Iphone 4, je mets à jour.

1) ils me perdent mes contacts et mes comptes mails, aucun moyen de restaurer.
2) j'ai la pomme comme quand on installe quelquechose qui se met sur mon écran toutes les 15 secondes => iphone inutilisable.

Vraiment c'est une vrai bonne grosse belle merde qu'ils ont pondu, et mon choix est désormais fait, je passe à la concurrence.
En attendant j'ai paumé tous mes contacts, et j'en ai pour un sacré paquet de temps de les recuperer.

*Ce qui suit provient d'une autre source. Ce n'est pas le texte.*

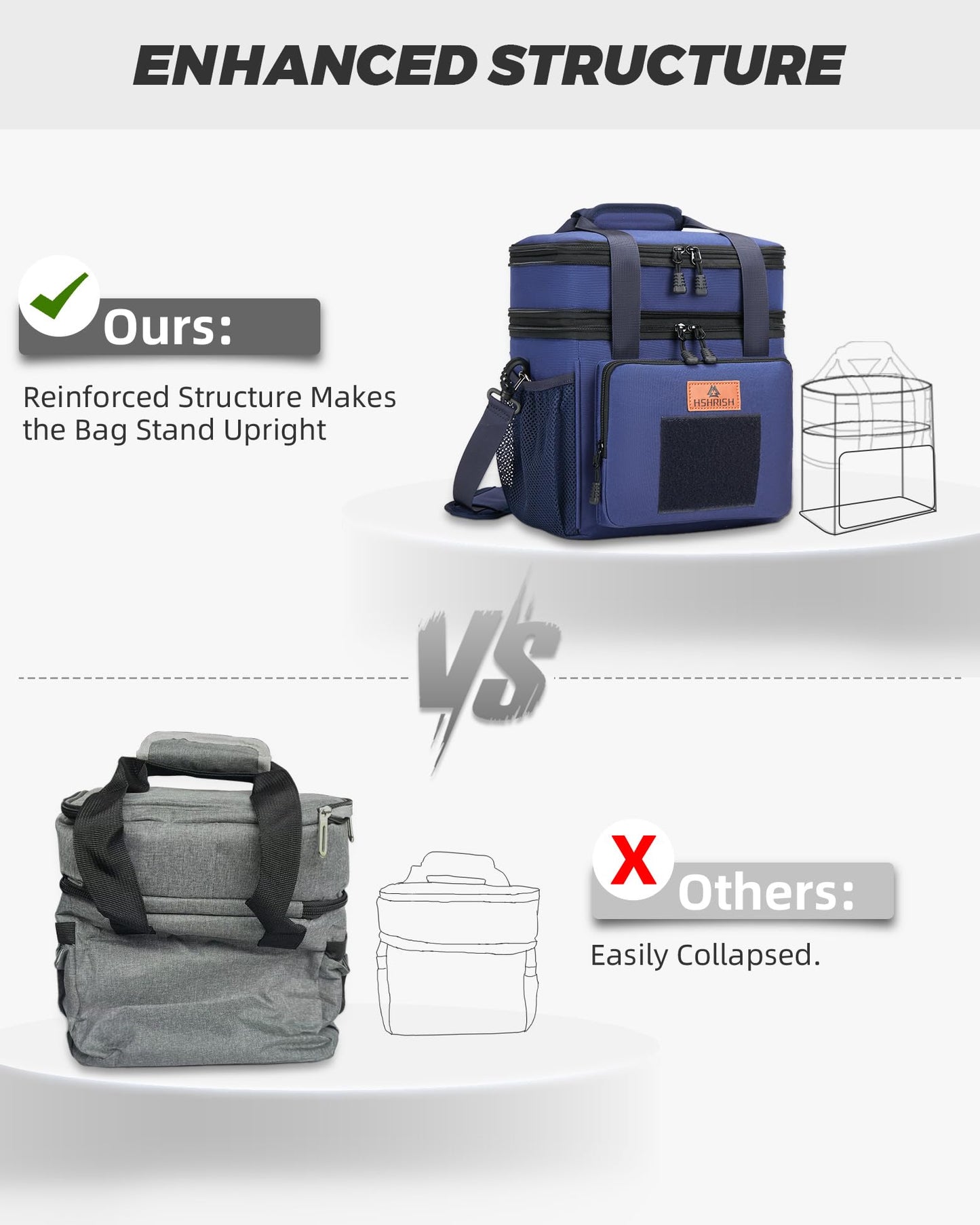 Holuxer Large Lunch Boxes for Men/Adults, Expandable Double-Deck Insulated Lunch Bag with Shoulder Strap, Soft Leakproof Cooler Bags for Work Outdoor Picnic Trips, 20 Can/16L, Blue, Mesh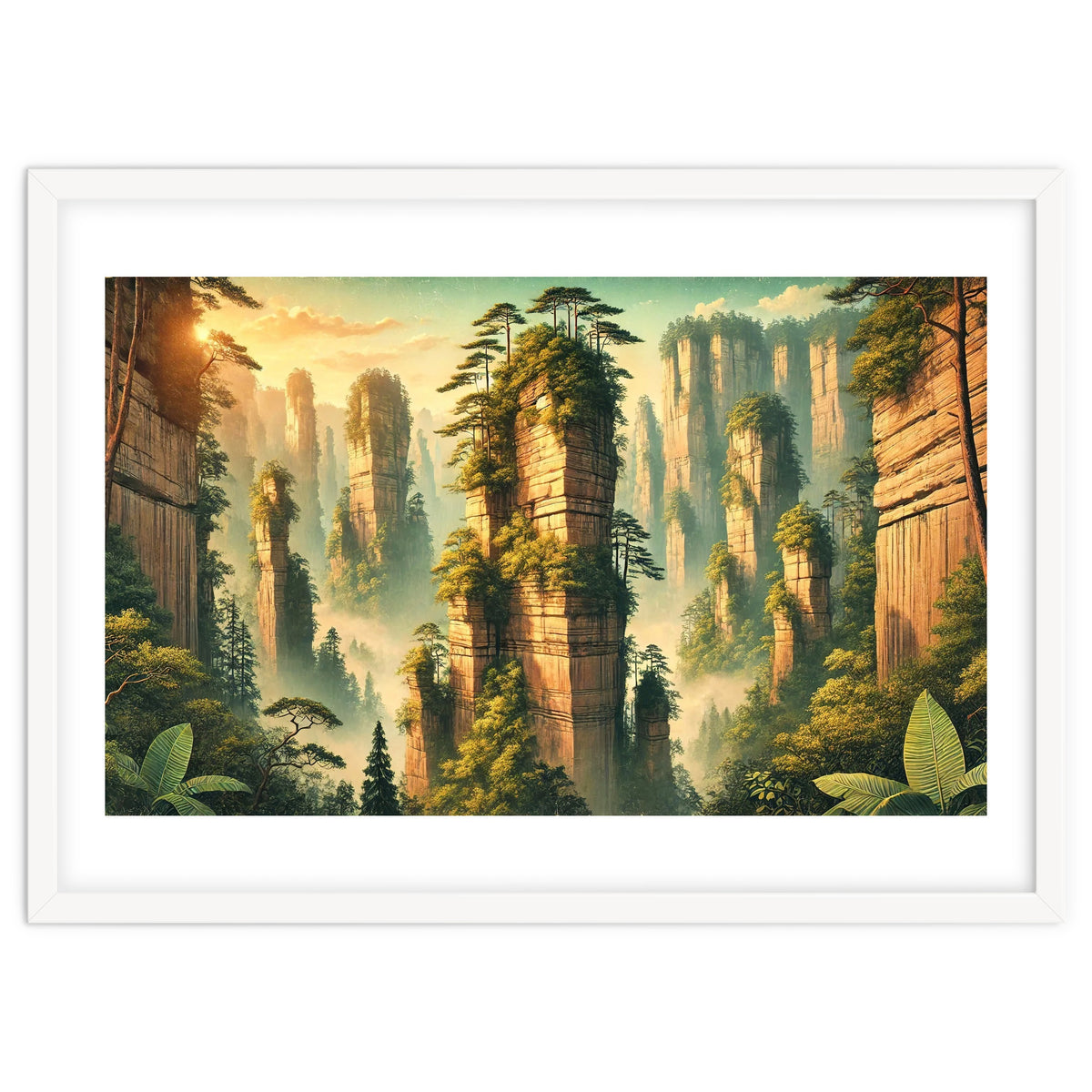 Vintage China, Zhangjiajie Stone Pillars Poster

je suis vraiment SUPER énervé.


----------



## Mr Fon (19 Septembre 2013)

MAJ installée en OTA sur iPhone 5 et iPad 2. RAS, impeccable, tout est très fluide, je craignais plus pour l'iPad 2 en fait je vois aucune différences, c'est parfaitement fluide.

A noter cependant, juste après l'installation, sur les 2 appareils, de légers ralentissements au début, notamment sur les claviers et animations, ( dues à une ré-indexation ?). 

Ça s'est estompé par la suite. J'ai également opéré à une extinction des 2 appareils pour les rallumer ensuite, de temps en temps ça fait pas de mal, comme sur les ordis. 

OS très plaisant à utiliser. Impeccable, c'est comme une seconde vie pour mon iPad 2 (qui fonctionnait déjà très bien avant)


----------



## Neutre0 (19 Septembre 2013)

bergenist a dit:


> Moi c'est pareil.
> Iphone 4, je mets à jour.
> 
> 1) ils me perdent mes contacts et mes comptes mails, aucun moyen de restaurer.
> ...



Tu as oublié de faire une sauvegarde de tes données ?

Moi, les applications n'ont pas était sauvegarder, mais par contre les différents niveau passées dans les jeux et tout, ça c'est là...


----------



## bergenist (19 Septembre 2013)

Non, et c'est bien ça qui m'inquiète...


----------



## Neutre0 (19 Septembre 2013)

bergenist a dit:


> Non, et c'est bien ça qui m'inquiète...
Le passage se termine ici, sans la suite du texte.